Good jobs in security

PHOTO: Good jobs in security

When Mr Paul Lim advertised his security firm on buses that plied the major roads of Singapore, he was not just promoting the Soverus brand to potential clients.

The chief executive wanted to instil a sense of pride in his workforce, which has mushroomed to more than 200 from just one employee in 2010.

This is one way that the former senior cop attracts and nurtures quality manpower, which he considers the "biggest challenge" confronting the security industry.

"When my officers and their children saw the bus advertisements, they felt a sense of pride," he says, recalling how an officer received a call from her excited children when they saw "her bus".

Hot demand

The quality of private security officers has come under scrutiny in the years following major terrorist events such as the 9/11 attacks in the United States in 2001.

Many building managers and owners realised the importance of security on their premises, leading to a rising demand for security services.

But the supply of security officers appears to have hit a bottleneck - a situation that leading security agencies here are trying to redress.

By mid-2012, more than 65,000 people were licensed as unarmed security guards, but nearly half of them, or about 30,000, no longer worked in the security industry.

Mr Daniel Marc Chow, director of Evtec Management Services, says: "The job used to be mundane and anyone who could be present for 12 hours would fit the bill.

"Now, officers have to manage many systems…they have to be strict and firm in following standard operating procedures, yet be polite and tactful as well."

Fighting for better wages

Mr Chow adds that cut-throat practices by some agencies have kept wages - a gross income of about $1,600 on average - low. He says: "We can't really increase our prices too much and, at the same time, we can't really increase wages or change work shift patterns. So this makes it difficult to retain staff in the industry, not to mention in our own company."

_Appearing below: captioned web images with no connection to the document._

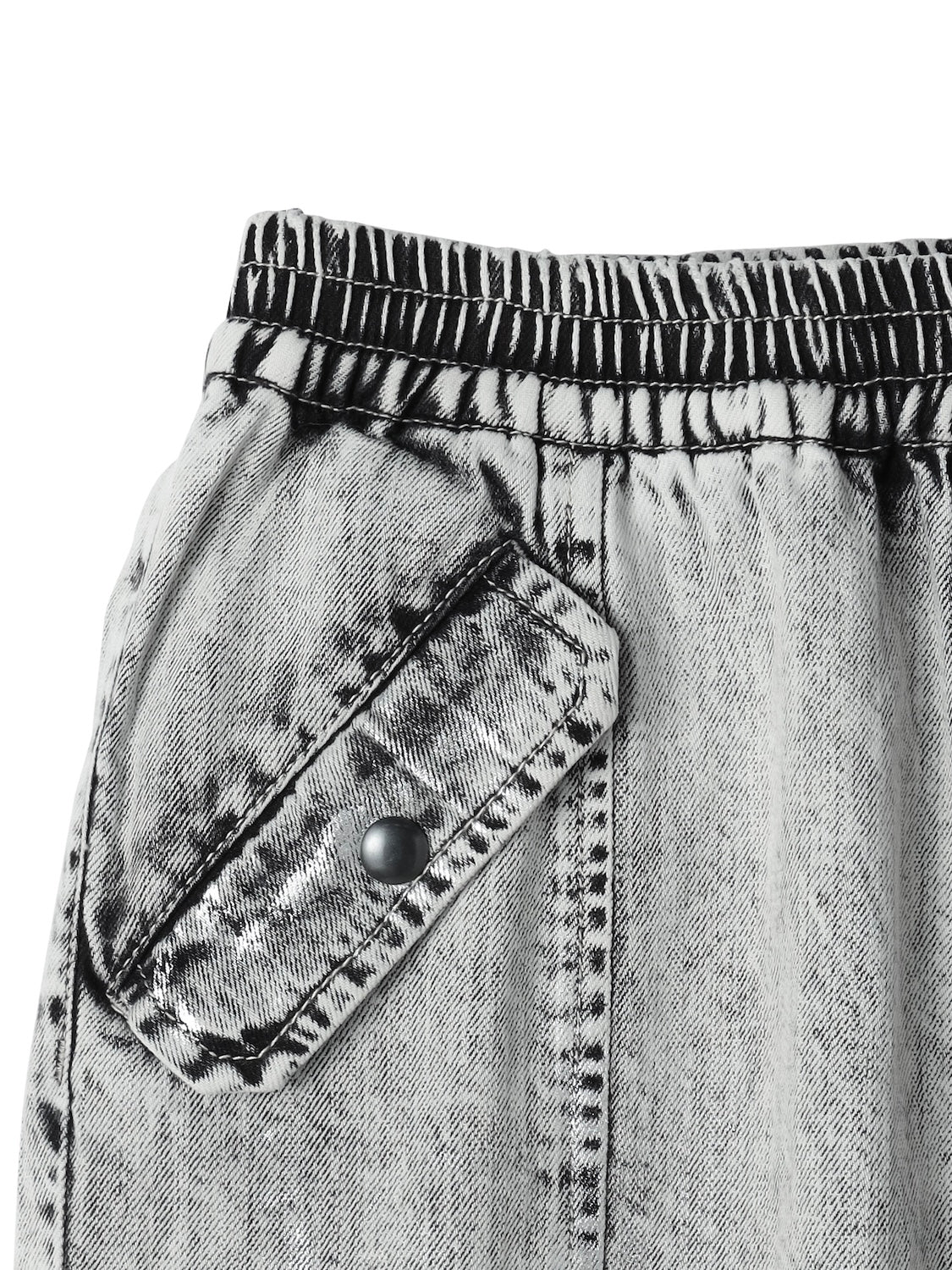 Metallic print chemical cargo denim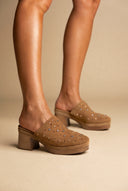 Clogs Studded Detail - Camel Suede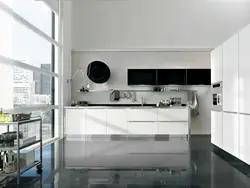 Kitchen without handles white glossy in the interior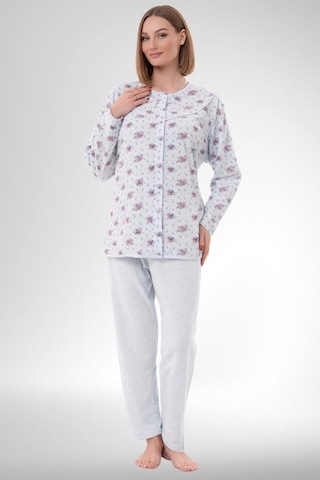 Mecit Pijama Mecit 6315 Mavi Kadın Boydan Düğmeli Büyük Beden Pijama Takımı Mavi
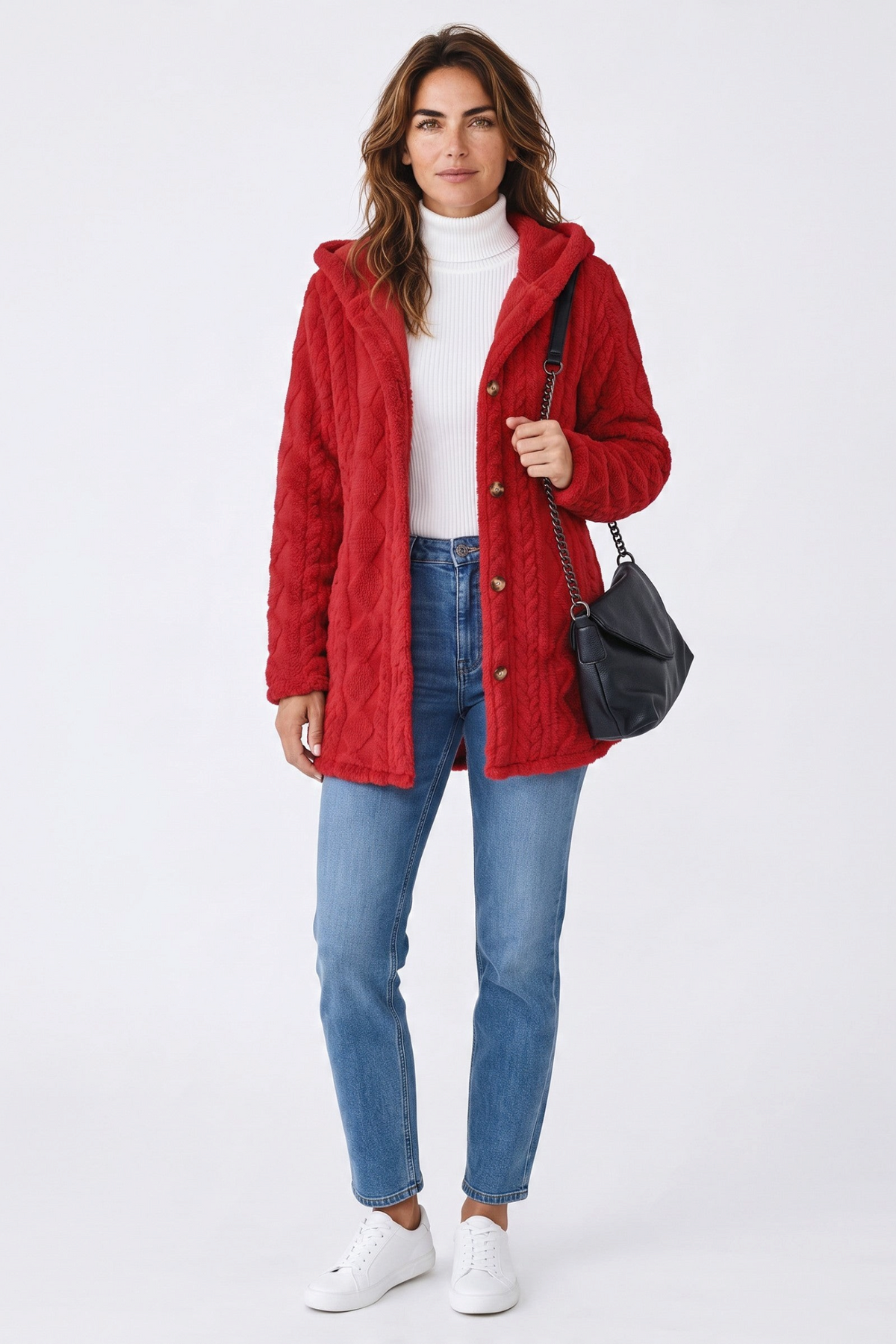 Hooded Longline Fleece Cardigan – Textured Button-Front Winter Jacket – view 13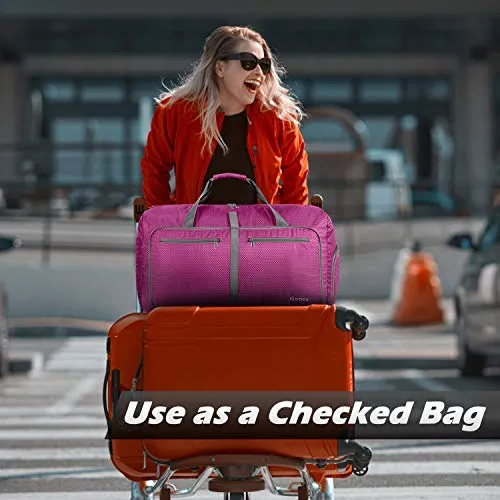 Gonex 60L Foldable Travel Duffel Bag Water & Tear Resistant, Rose Red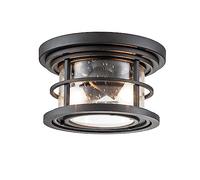 Elstead Feiss Lighthouse Negro texturizado a ras para exteriores, IP44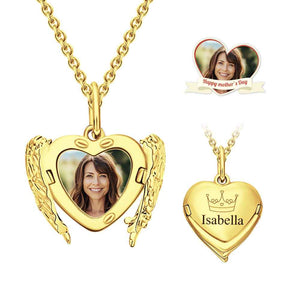 Custom Engraved Locket Necklace Angel Wings Pattern Gift for Her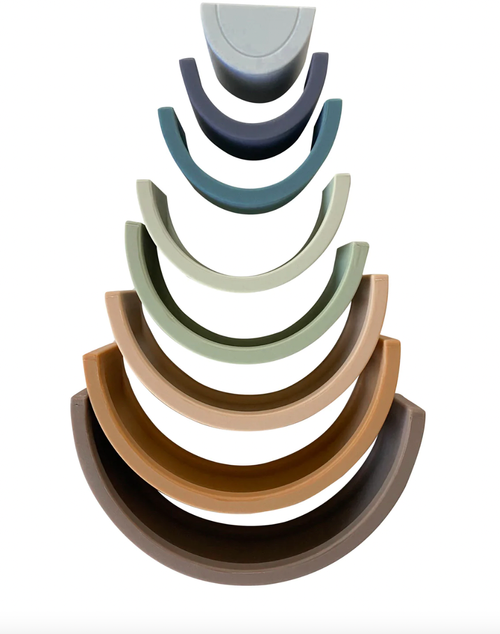 The Silicone Rainbow Teething Stacker is the ultimate multi-purpose toy. Teething + Play! Your baby will quickly discover how the stacking arches make the best sooth
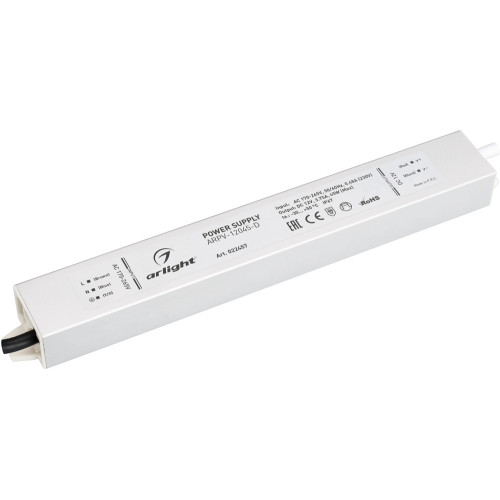 Блок питания ARPV-12045-D (12V, 3.8A, 45W) (Arlight, IP67 Металл, 3 года) 022457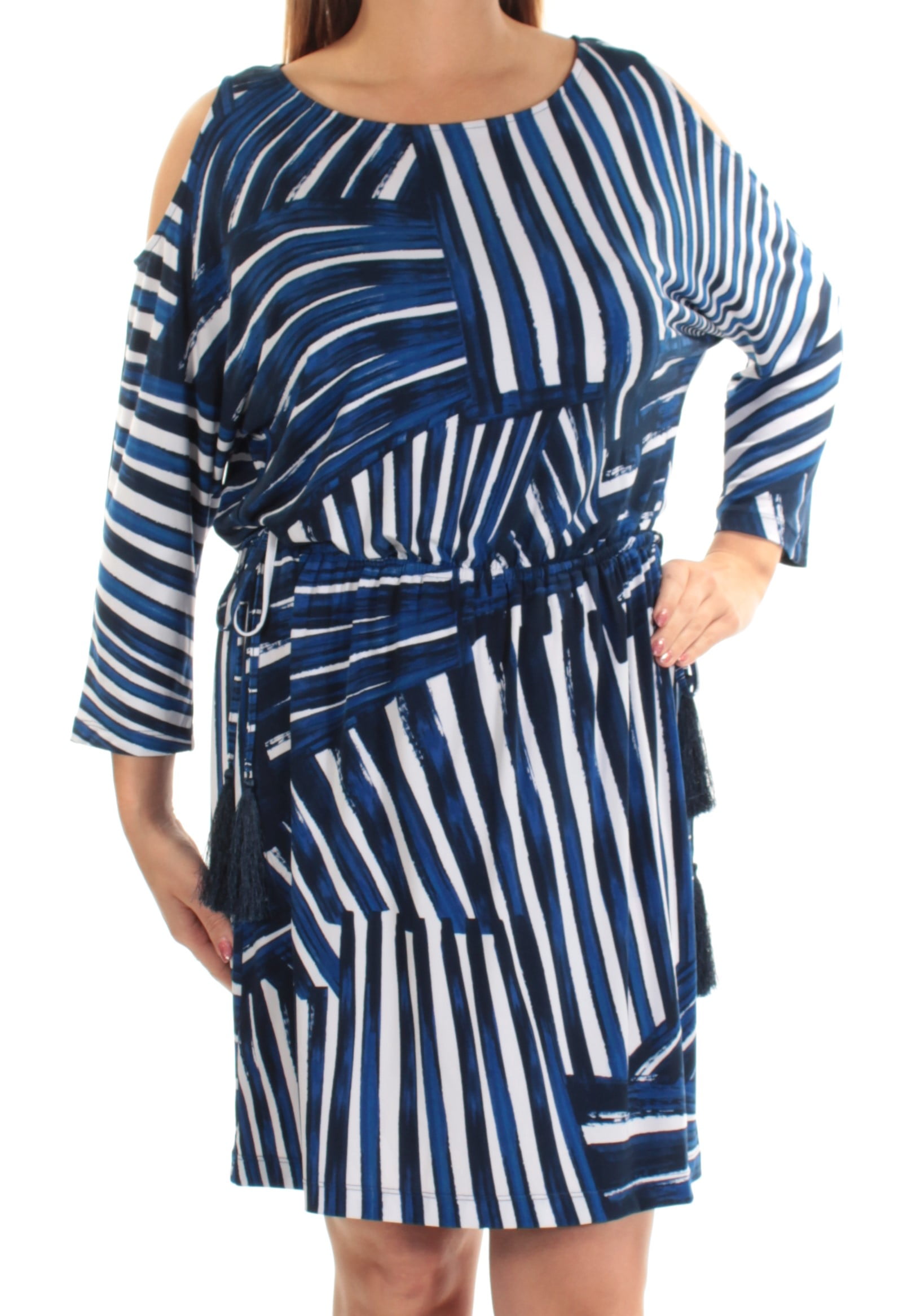 calvin klein blue striped dress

Hiring armed Auxiliary Police Officers (APO) - who command higher pay and prestige than the typical security officers - is proving difficult. Being an armed APO is not easy as it entails tough training and long working hours, says a spokesman for AETOS Security Management, a supplier of armed and unarmed officers. The company sweetens the deal by throwing in salary perks such as shift and deployment allowances and profit-sharing bonuses. It also ensures that high-performing APOs can be groomed to take on supervisory and leadership positions through a structured career progression. Greater work-life balance At Soverus, the management emphasises the welfare of the security officers. It brands itself as one of the best paymasters in the industry, even dishing out performance bonuses.

Medical and leave benefits, mobile phone plan discounts and career progression plans have been put in place.

The company also offers bursaries to its employees' school-going children.

Mr Lim says: "The Soverus Bursary Award came about when I realised that many of our security officers have reached a stage of life where they no longer have any grand ambitions for themselves, and their hopes are all pinned on their children.

"As a result, we embarked on a campaign to let our security officers know that we will help their children financially through their school as much as we can afford to.

"We believe that once we have taken care of their needs, both physical, emotional and psychological, the officers will perform beyond par.

"Our clients will be happy and the bottom line will sort itself out. This was indeed our experience in the last two years."

Among other schemes, Evtec is looking to ensure that its permanent staff work only five days a week.

Mr Chow says: "This will promote better work-life balance and increase job satisfaction."

More critical operations

With private security officers becoming more well-trained and knowledgeable, Mr Chow believes that government security agencies will be able to allow private officers to take on more critical operations and trust that they will be able to carry out the tasks well.

He points out that it is already becoming a norm for officers to be trained in lifesaving skills.

He also expects technology to complement the deployment of officers, with the number of electronic eyes expected to rise.

The security agencies are also exploring their options overseas.

Evtec has taken part in a few overseas projects, mainly involving the use of technology.

Soverus aims to corner a "substantial share" of the Singapore security market in five years, and branch out into the region.

Mr Lim says: "If all goes well, we should become the first publicly listed security agency in Singapore, which will put us in a good financial position to export the Singapore brand of honest and reliable security services to the world."